Archive for ‘July, 2012’

Today was family adventure day.   My idea was to head north and visit the towns of Bow and Mt. Vernon when in reality the towns I had in my mind were Edison (the town adjacent to Bow) and La Connor (a tourist town on the water).  We soon realized Edison was the town we wanted to visit when we drove through Bow and there was nothing but a stop sign.

The only research I did was to stumble across this charming bakery cafe, Rosabella Garden.  I had a plan that we’d stop by this cafe and enjoy a wonderful lunch while picnicking outside taking in the sunshine and their 50 acres.  I thought this would be a wonderful way for the kids to start the adventure.  I couldn’t have been more wrong.

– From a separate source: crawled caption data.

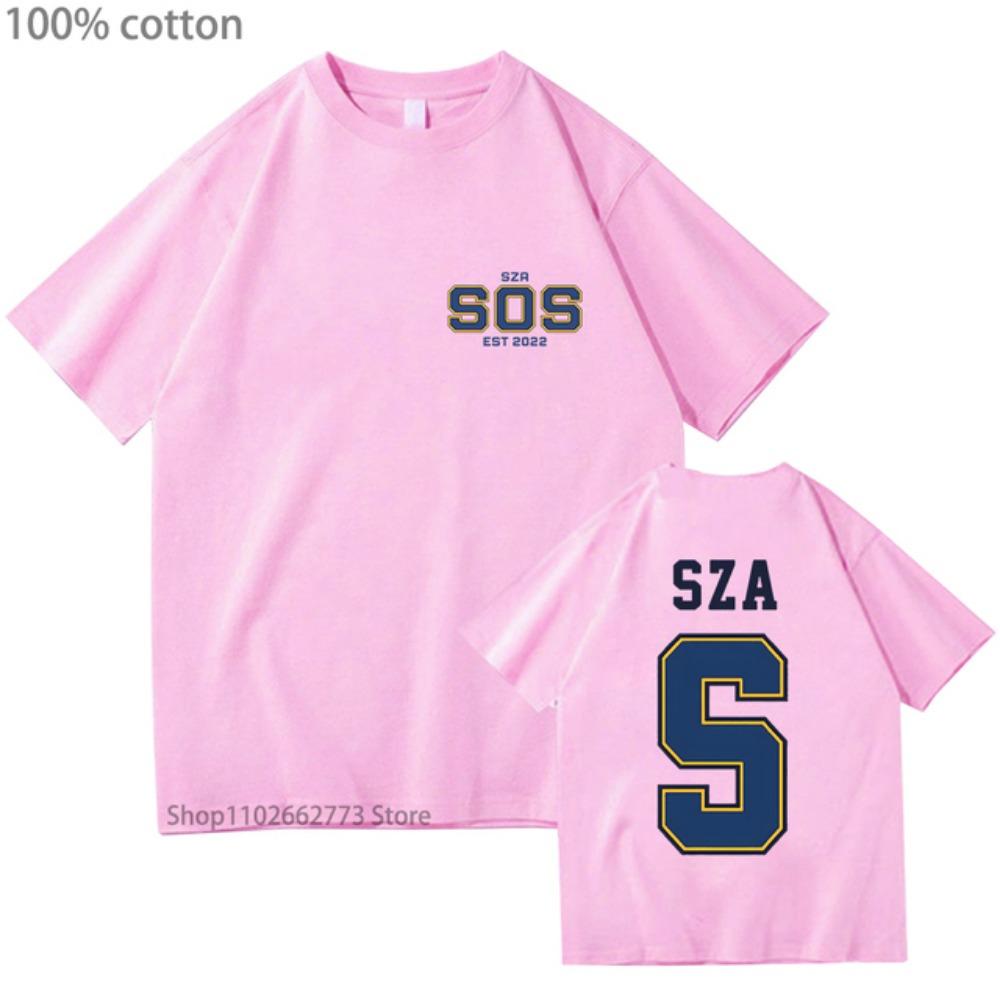 SZA SOS Anime T-shirts Funko Pop Shirt Manga/comic Tshirt 100%Cotton Women Kawaii Cartoon Tee-shirt Summer Men Clothing Y2k Tops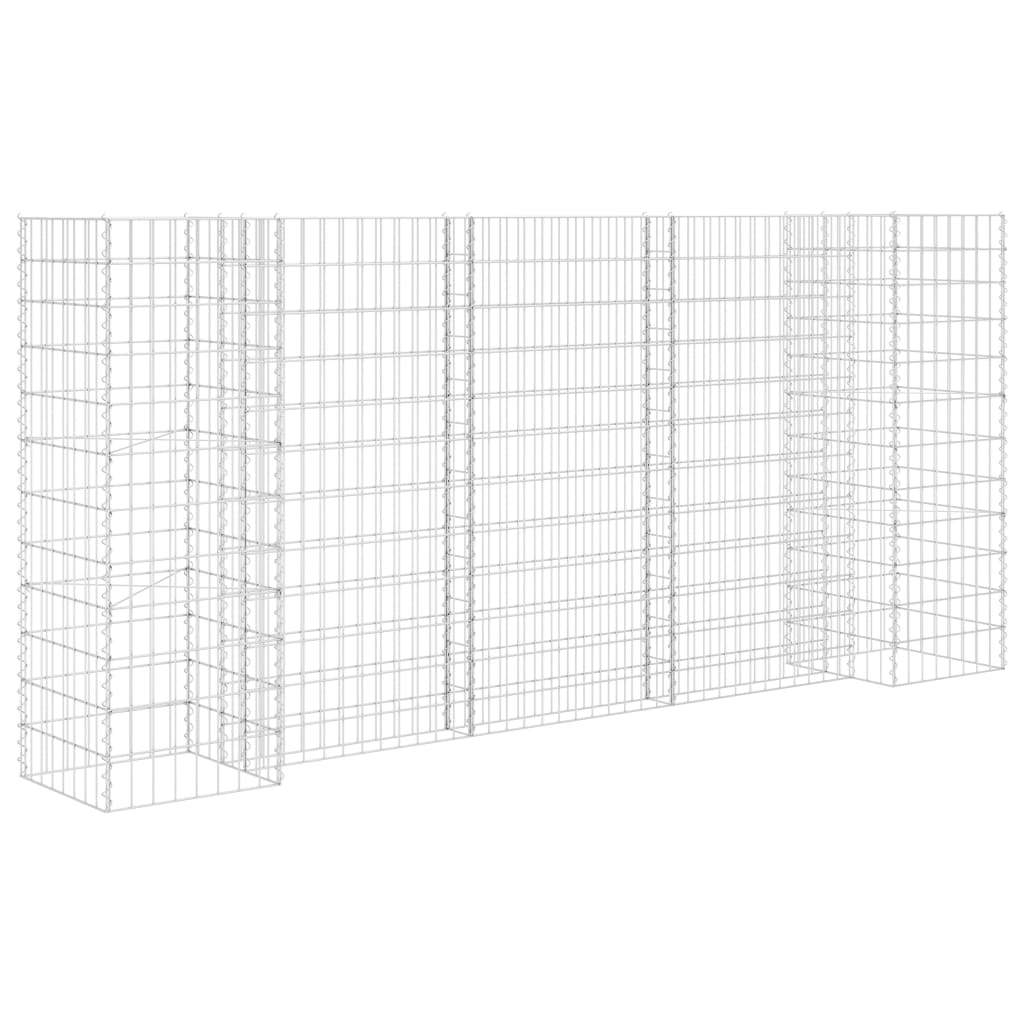 Gabbione Fioriera ad "H" in Filo di Acciaio 260x40x120 cm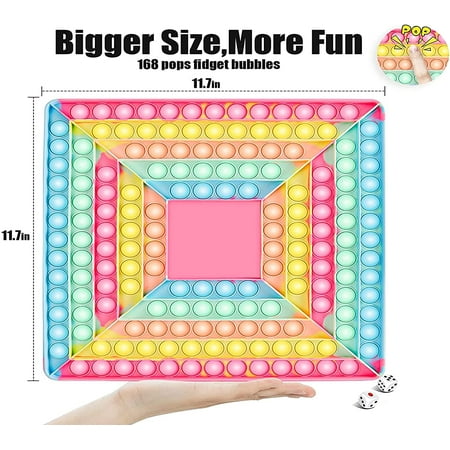 Big Square Pop It Fidget Game with Dice, Push Pop It Chess Board Toy, Jumbo 4 Player Pop Bubble Game Board Sensory Toy, Jumbo Stress Relief Interactive Toys for Game Night (4 Player Square)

The place was far from charming.  As my husband commented, ” it seems like a place right out of the movies”.  The hosts were curt, they followed us around in fear of the kids causing damage, in fact they were stalking us.  It wasn’t until I hustled the kids outside that I noticed the signs.  So many signs with “no….”.  There were over 10 signs that basically said “you are not welcome here, go away”.

So, what do you think happened while I was outside with the kids?  They climbed and touched every item that had a “do not touch” sign on it.  UGH!  They were everywhere.  At one time my husband came out and said “you really need to keep the children off of the things”.  I later found out the mean people inside told him to say something to me.  After my husband ate his mediocre pie he mentioned wanting to take the kids over to the garden for a peak.  “Um, you can’t do that” I said.  He didn’t see the “no trespassing” sign in front of the garden and then figured they wouldn’t do anything anyhow.  WRONG, they came out and told him to get away and then proceeded to hover over us until we left.

This whole event seemed so surreal and I would a bit more irritated about it if it hadn’t been for the YELP reviews here.  Looks like our experience is pretty common for this place and all I can say is thank goodness I didn’t have to use the restroom.

So, I have to admit, I did take a photo of the inside of this place.  OOOPS

And, my favorite sign is this one.  I find it funny because there is no reason that anyone would park here unless they were going to this cafe.  This is smack in the middle of farm land.

So, if you find yourself wanting to visit this place remember to; leave your pets at home, do not touch anything, bring a bottle in case you have to pee and most of all don’t look like you are enjoying yourself.  Frowns are welcome here.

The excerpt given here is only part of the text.